La politica, la sua sostanza e la sua comunicazione, sono diventate assai noiose e sempre più spesso di bassissimo livello, ignorando completamente i sentimenti dei cittadini. L’esame del voto ci dice chiaramente che i cittadini europei temono la guerra e vorrebbero la pace, mentre i governi europei sono tutti schierati per la guerra a rimorchio del padrone USA che detta le regole, e nessun leader europeo ha la forza e la stazza per imporre una politica europea in contrasto con gli americani, nemmeno di fronte al disastro economico-finanziario che questa guerra comporta per l’Europa.
Altra grande preoccupazione dei cittadini europei è l’immigrazione, mai governata con raziocinio. Fino a quando non ricorderemo le profetiche parole di Craxi (fino a quando popolazioni strette tra estrema povertà, carestie, conflitti e sfruttamenti vedranno le luci della ricchezza della ricca Europa, non cesseranno gli sbarchi) non saremo in grado di affrontare seriamente la questione, nonostante noi italiani abbiamo estremo bisogno di cittadini giovani e lavoratori.

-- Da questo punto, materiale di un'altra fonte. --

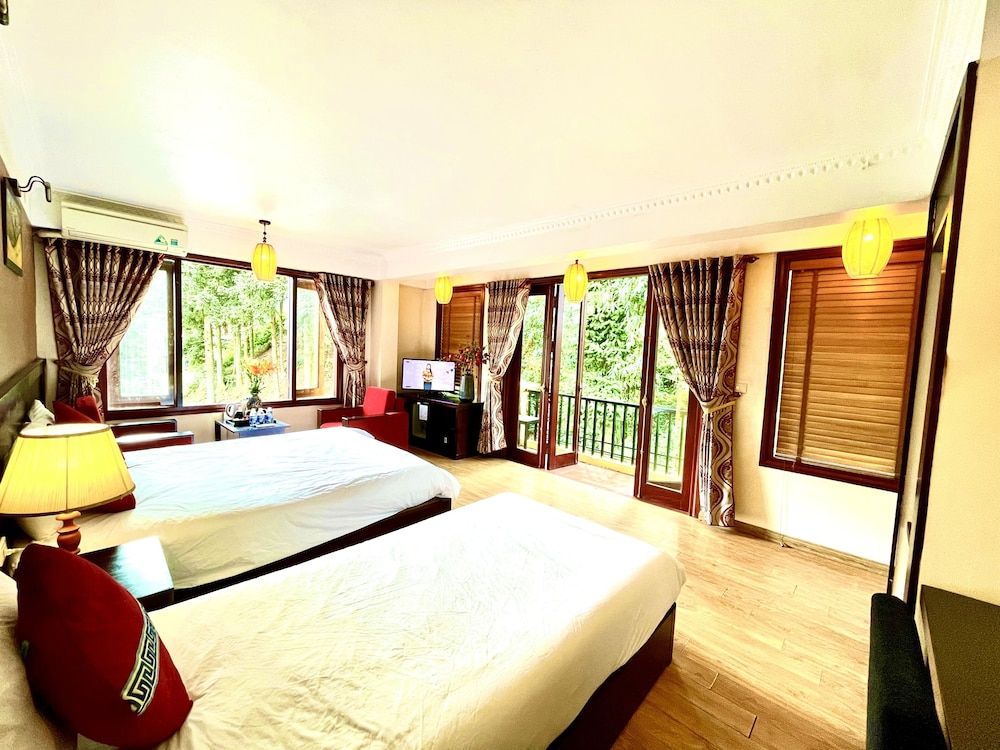 Sapa Elite Hotel Deluxe Triple Room 9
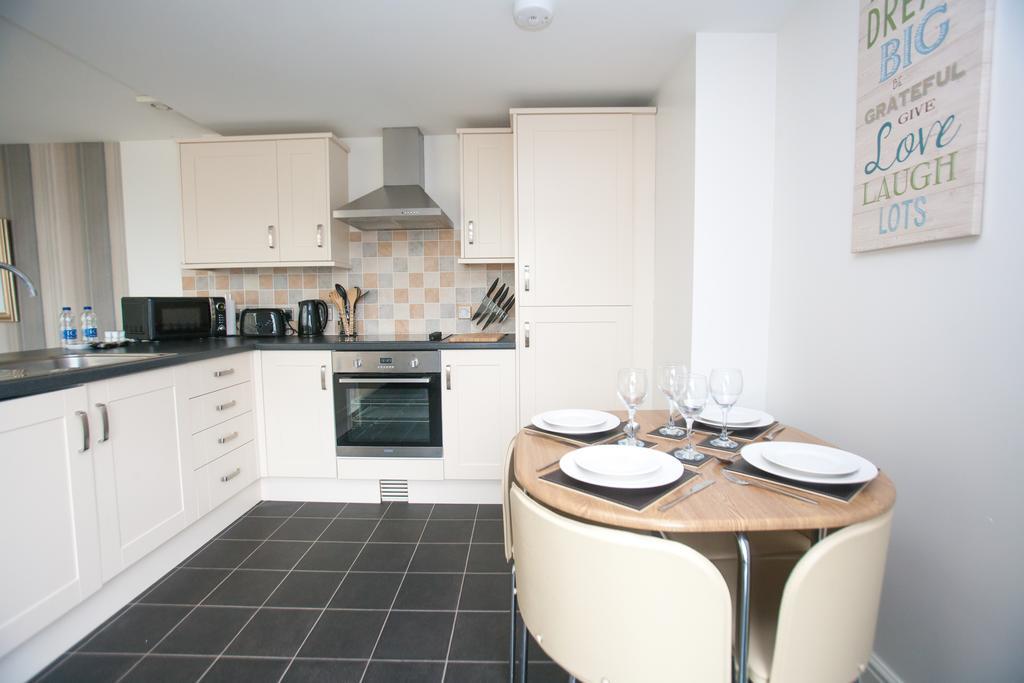 Comfortable Swindon Town Centre Apartments, Free Parking, Sleeps Up To 8 외부 사진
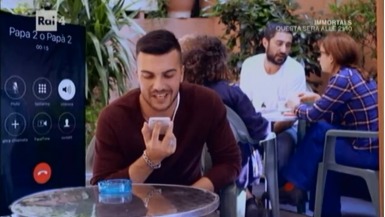 先互换手机再恋爱,国外交友节目这是在搞事情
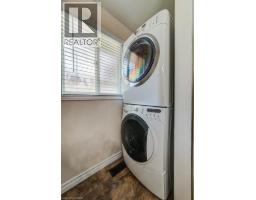 73 FALCON Drive - 39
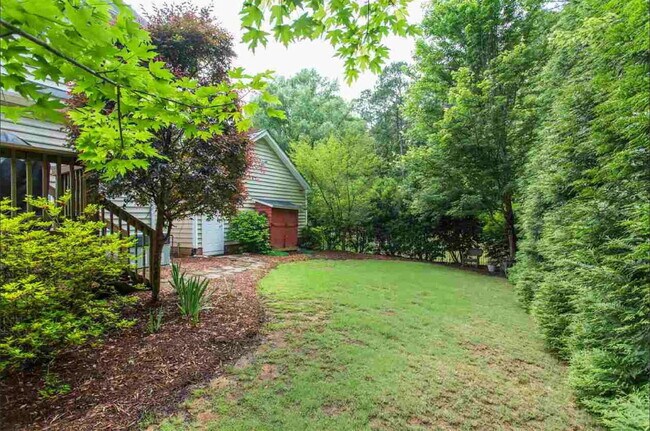 Building Photo - Charming 3-Bed Oasis with Hardwood Eleganc...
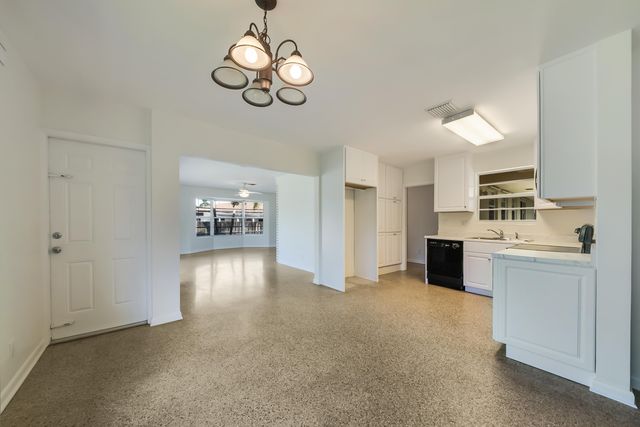 2022 Collier Avenue, Lake Worth, FL 33461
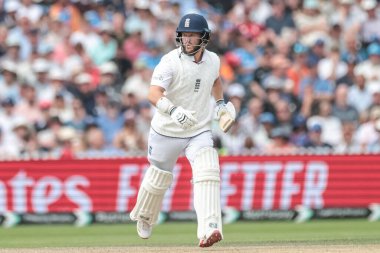 İngiltere 'den Ben Duckett, 24 Temmuz 2025' te Old Trafford Cricket Ground, İngiltere 'ye karşı oynanan 4. Rothesay Test Maçı' nda iki koşu yaptı.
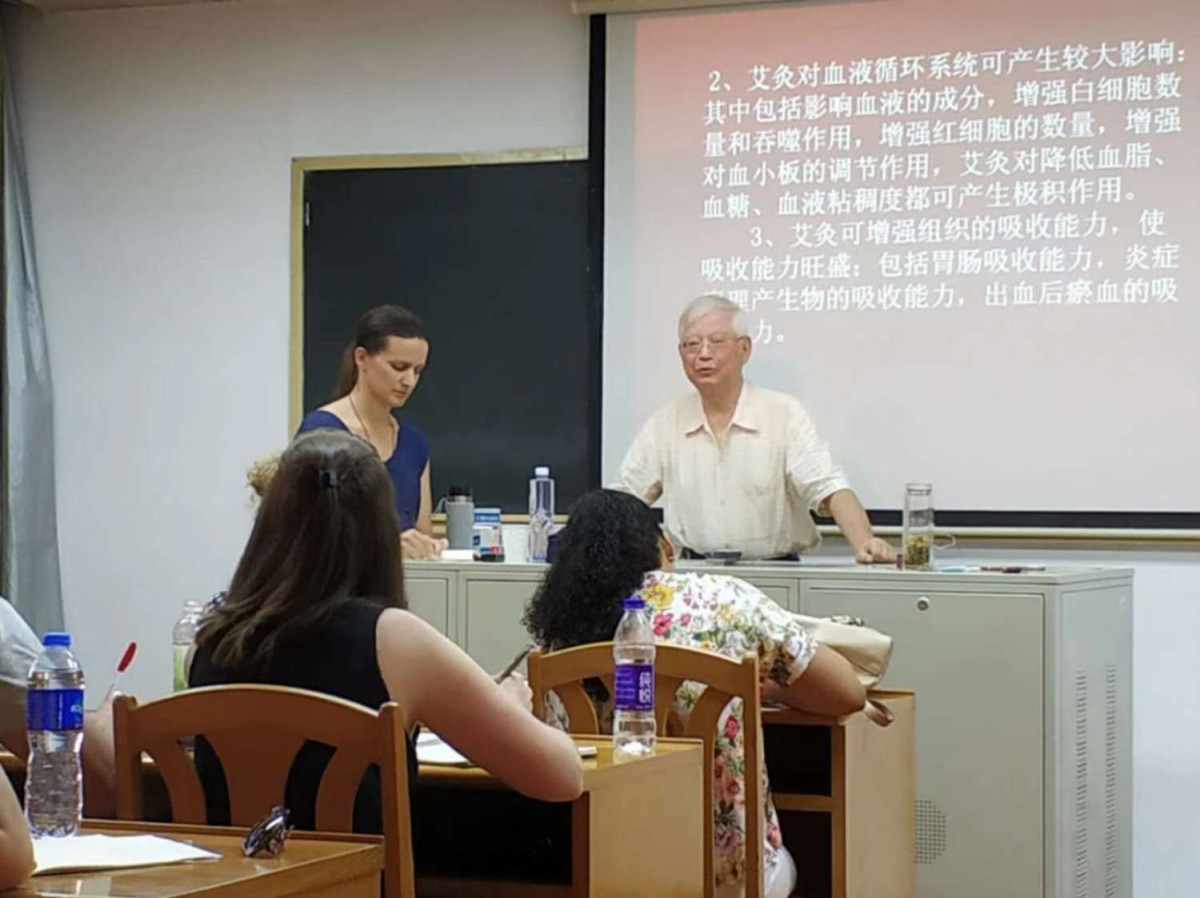 這是2008年，在南京中醫(yī)大學(xué)給南美洲巴西、阿根廷、智利的學(xué)生上課。.jpg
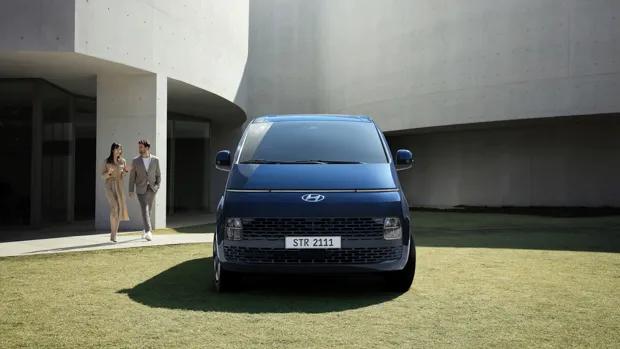 Hyundai Staria 2021 front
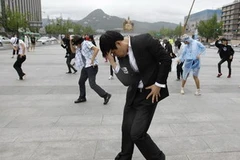 Người hâm mộ ở Hàn Quốc nhảy điệu moonwalk tại quảng trường Gwanghwamoon ở Seoul ngày 25/6 để tưởng niệm Michael Jackson. (Nguồn: Reuters) 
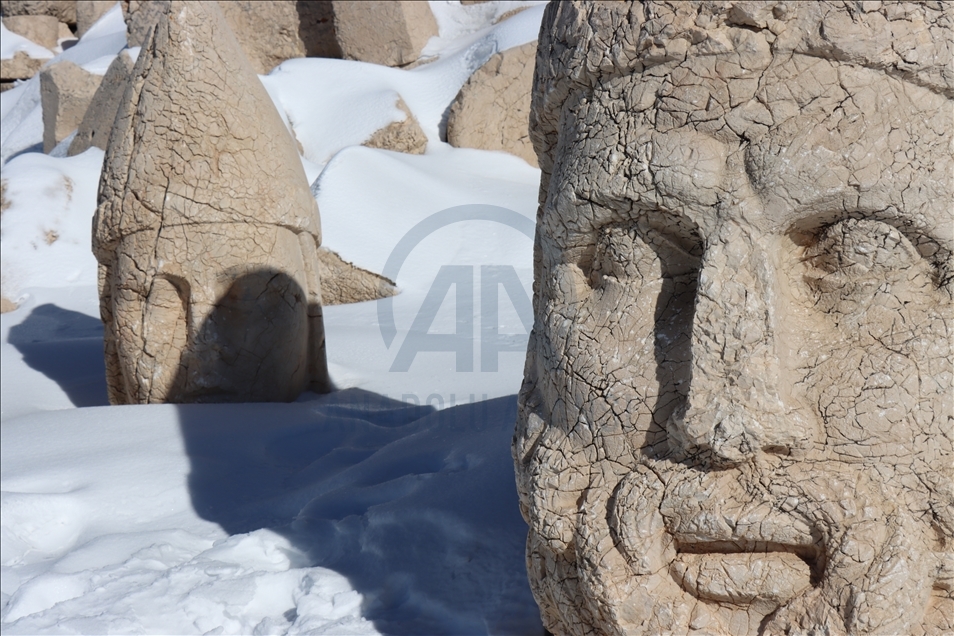 Mt. Nemrut drew 500,000+ tourists in 5 years
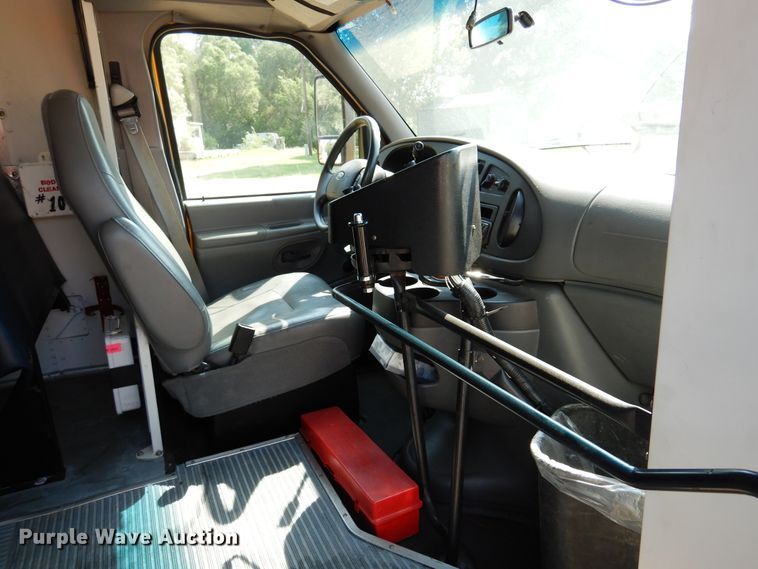 image for item DN1914 2006 Ford E350 Super Duty  school bus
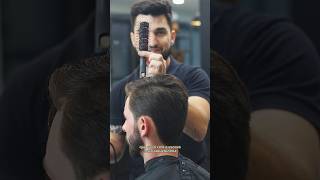 Como escovar o cabelo de forma organizada.                             #cabelomasculino #barbearia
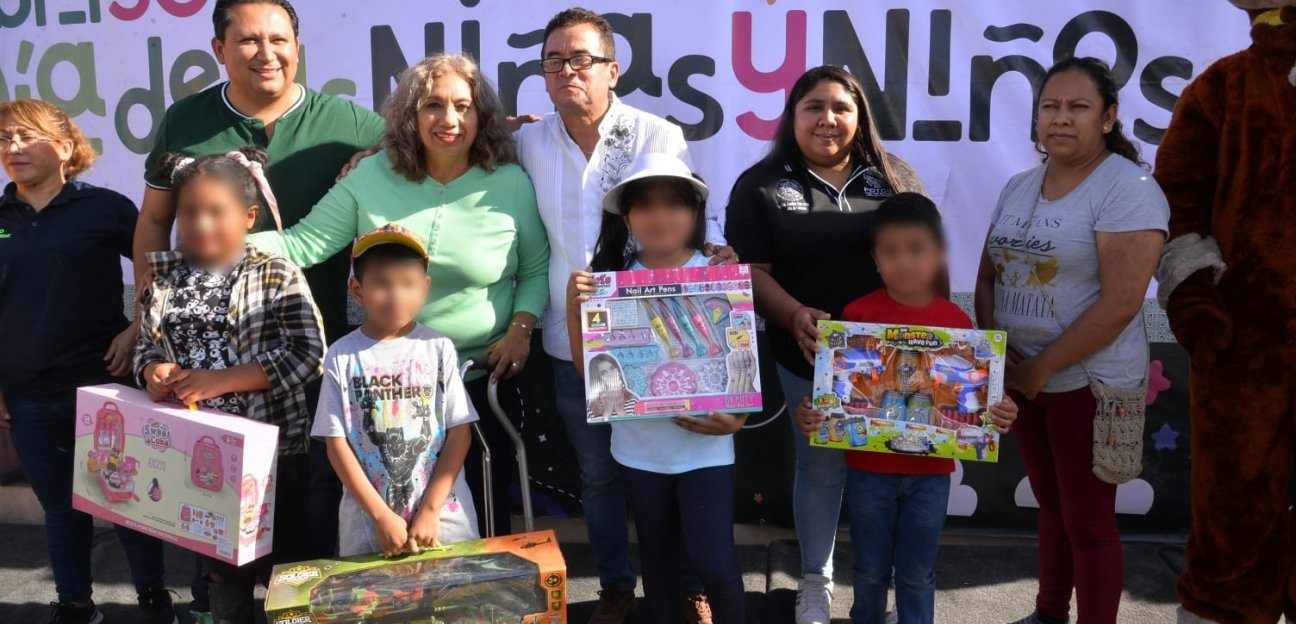 La alcaldesa Leonor Noyola Cervantes, festejó el Día del Niño en cuatro colonias del municipio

Questi due fattori, guerra e immigrazione, hanno contraddistinto le scelte degli elettori.
I politici sono campioni nel manipolare i numeri e sentirsi soddisfatti, ma la verità è una sola: i conti si fanno sui voti assoluti, non sulle percentuali che mutano in corrispondenza delle percentuali dei votanti. I numeri ci dicono che i partiti di governo hanno tutti perso voti, mentre hanno accresciuto voti il PD e di più l’AVS.
Di fondo c’è, secondo me, una questione fondamentale: la politica non è solo parlare di problemi quotidiani, di amministrazione del presente. La politica è, prima ancora di ciò, passione, visione, speranza. Ho rivisto giorni addietro il video dei funerali di Berlinguer, un milione e mezzo di persone in piazza accomunate da un sentimento comune, delegazioni straniere di tutto il mondo, politici di estrazione diversa, un Presidente commosso e in sintonia con la piazza. La politica è prima di tutto questo e questo non c’è più. Oggi c’è la cronaca, i Vannacci di turno e volete che i cittadini si appassionino? Volete che i giovani apprezzino i nostri politici e questa politica?
Tra destra e sinistra c’è però una differenza: la destra ha i suoi conflitti interni ma si presenta unita e prende voti; la sinistra è incapace di fare unità ma ha bisogno di presentarsi divisa e di non massimizzare i propri consensi.
Mancano ancora tre anni alle prossime elezioni nazionali e il lusso dello stare all’opposizione potrebbe portare al primato della razionalità e alla riscoperta del sale della politica, la passione. Non ci resta che sperare.